Pengertian “jujur” dalam kamus besar
bahasa Indonesia memiliki arti lurus hati, tidak curang. Kejujuran (honesty)
menurut Zubaedi (2011: 79) adalah kemampuan menyampaikan kebenaran, mengakui
kesalahan, dapat dipercaya dan bertindak secara hormat. Sedangkan menurut Fadillah
(2012:190) mengatakan bahwa jujur merupakan perilaku yang patuh dalam
perkataan, tindakan, dan pekerjaan. Sedangkan menurut QS Al-Maidah ayat: 8
يَا
أَيُّهَا الَّذِينَ آمَنُوا كُونُوا قَوَّامِينَ لِلَّهِ شُهَدَاءَ بِالْقِسْطِ ۖ
وَلَا يَجْرِمَنَّكُمْ شَنَآنُ قَوْمٍ عَلَىٰ أَلَّا تَعْدِلُوا ۚ اعْدِلُوا هُوَ
أَقْرَبُ لِلتَّقْوَىٰ ۖ وَاتَّقُوا اللَّهَ ۚ إِنَّ اللَّهَ خَبِيرٌ بِمَا تَعْمَلُونَ
“Hai orang- orang yang beriman,
hendaklah kamu jadi orang- orang yang selalu menegakkan ( kebenaran ) karena
Allah, menjadi saksi dengan adil. Dan janganlah sekali- kali kebencianmu
terhadap sesuatu kaum, mendorong kamu untuk berlaku tidak adil. Berlaku
adillah, karena adil itu lebih dekat kepada takwa. Dan bertakwalah kepada
Allah, sesungguhnya Allah Maha Mengetahui apa yang kamu kerjakan.” (QS
Al-Maidah ayat: 8)
Sehingga dapat disimpulkan
bahwa, Jujur adalah sikap atau sifat seseorang yang menyatakan sesuatu dengan
sesungguhnya dan apa adanya, tidak ditambahi ataupun tidak dikurangi.

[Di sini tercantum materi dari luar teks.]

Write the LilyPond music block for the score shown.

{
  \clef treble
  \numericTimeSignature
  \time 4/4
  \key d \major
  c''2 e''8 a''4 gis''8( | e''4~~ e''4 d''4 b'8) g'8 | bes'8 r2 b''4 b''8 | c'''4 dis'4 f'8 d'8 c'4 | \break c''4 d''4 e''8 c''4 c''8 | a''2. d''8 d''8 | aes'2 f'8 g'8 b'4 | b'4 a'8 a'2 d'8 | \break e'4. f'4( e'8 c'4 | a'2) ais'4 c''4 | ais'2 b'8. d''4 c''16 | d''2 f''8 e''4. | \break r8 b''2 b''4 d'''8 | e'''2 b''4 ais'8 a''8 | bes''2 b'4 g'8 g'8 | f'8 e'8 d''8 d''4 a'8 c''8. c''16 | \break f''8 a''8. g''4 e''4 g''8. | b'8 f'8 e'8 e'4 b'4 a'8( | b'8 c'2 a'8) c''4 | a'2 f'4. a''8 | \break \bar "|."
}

Jujur dalam arti sempit adalah sesuainya ucapan lisan dengan kenyataan. Dan dalam pengertian yang
lebih umum adalah sesuainya lahir dan batin. Karena itulah, orang munafik
disebutkan sebagai kebalikan orang yang jujur (pendusta). Kejujuran
menjadi penting karena dengan mengakui apa yang kita pikirkan, rasakan, dan
lakukan sebagaimana adanya, seseorang dapat terhindar dari rasa bersalah yang
timbul akibat kebohongan yang ia lakukan.
2. Cara
Mengajarkan Kejujuran
Kejujuran
perlu diajarkan, dilatih, dan dibiasakan. Mengajari anak sejak dini akan
menjadi pembelajaran kehidupan yang berguna bagi masa depan mereka. Belajar
kejujuran dari tayangan televisi hanya akan membuat kita miris. Banyak sekali
contoh di mana orang jujur malah jadi orang yang disingkirkan. Tapi tentu, itu
semua bukan berarti kita tidak bisa mengajarkan kejujuran pada anak-anak.

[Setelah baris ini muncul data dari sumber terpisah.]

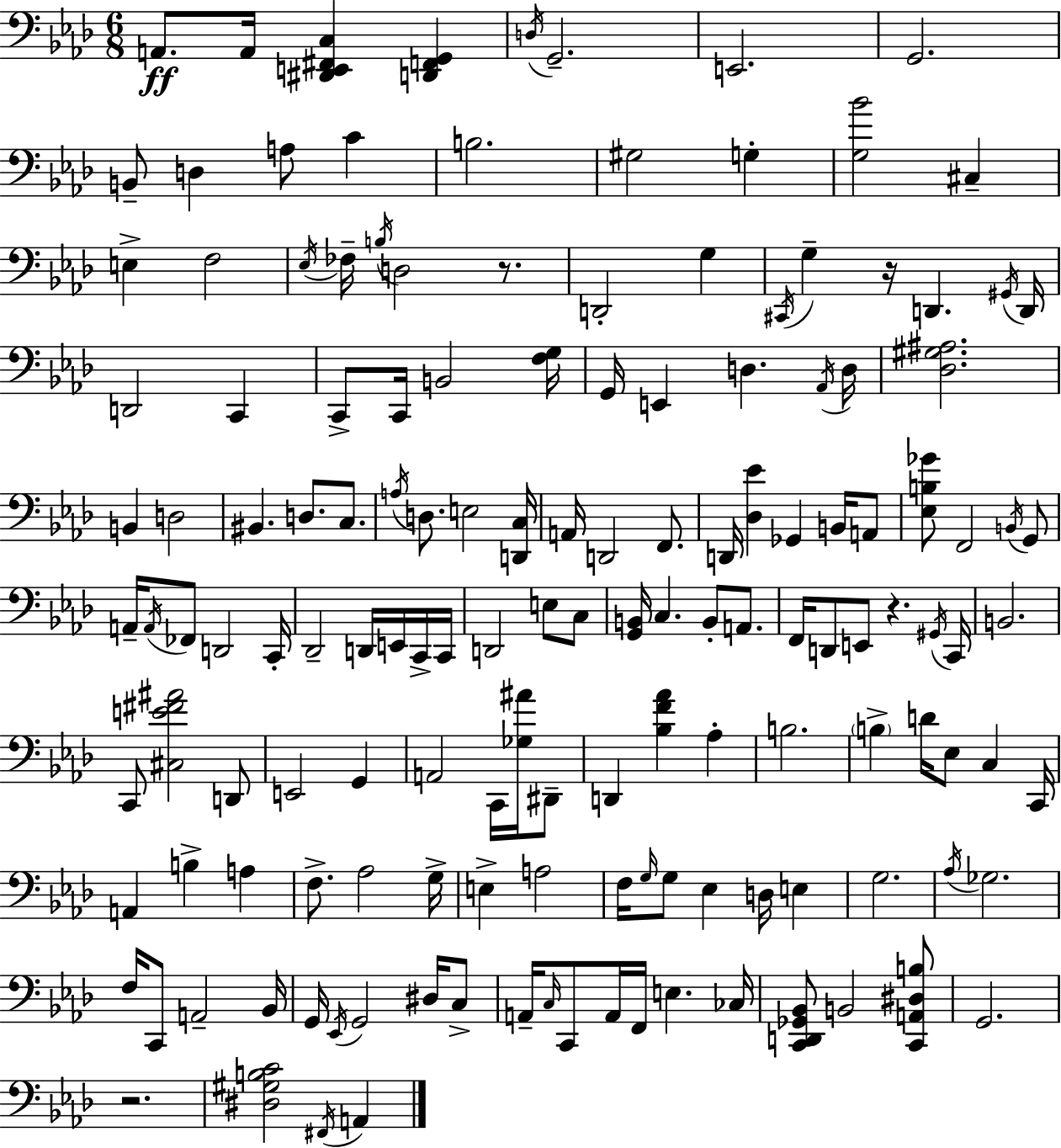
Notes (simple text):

A2/e. A2/s [D#2,E2,F#2,C3]/q [D2,F2,G2]/q D3/s G2/h. E2/h. G2/h. B2/e D3/q A3/e C4/q B3/h. G#3/h G3/q [G3,Bb4]/h C#3/q E3/q F3/h Eb3/s FES3/s B3/s D3/h R/e. D2/h G3/q C#2/s G3/q R/s D2/q. G#2/s D2/s D2/h C2/q C2/e C2/s B2/h [F3,G3]/s G2/s E2/q D3/q. Ab2/s D3/s [Db3,G#3,A#3]/h. B2/q D3/h BIS2/q. D3/e. C3/e. A3/s D3/e. E3/h [D2,C3]/s A2/s D2/h F2/e. D2/s [Db3,Eb4]/q Gb2/q B2/s A2/e [Eb3,B3,Gb4]/e F2/h B2/s G2/e A2/s A2/s FES2/e D2/h C2/s Db2/h D2/s E2/s C2/s C2/s D2/h E3/e C3/e [G2,B2]/s C3/q. B2/e A2/e. F2/s D2/e E2/e R/q. G#2/s C2/s B2/h. C2/e [C#3,E4,F#4,A#4]/h D2/e E2/h G2/q A2/h C2/s [Gb3,A#4]/s D#2/e D2/q [Bb3,F4,Ab4]/q Ab3/q B3/h. B3/q D4/s Eb3/e C3/q C2/s A2/q B3/q A3/q F3/e. Ab3/h G3/s E3/q A3/h F3/s G3/s G3/e Eb3/q D3/s E3/q G3/h. Ab3/s Gb3/h. F3/s C2/e A2/h Bb2/s G2/s Eb2/s G2/h D#3/s C3/e A2/s C3/s C2/e A2/s F2/s E3/q. CES3/s [C2,D2,Gb2,Bb2]/e B2/h [C2,A2,D#3,B3]/e G2/h. R/h. [D#3,G#3,B3,C4]/h F#2/s A2/q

Pepatah yang mengatakan bahwa kejujuran adalah mata uang yang berlaku di negara
mana pun tentu juga bukan pepatah usang. Pepatah ini wajib dikenalkan pada
anak-anak sejak dini. Semakin dini semakin baik. Dengan contoh langsung dari
orangtua, anak bukan lagi meraba akan makna kejujuran, tapi bisa belajar secara
transparan tentang nilai tersebut dari orang terdekat mereka. Kemudian,
bagaimana cara yang paling efektif untuk mengajarkan kejujuran pada anak?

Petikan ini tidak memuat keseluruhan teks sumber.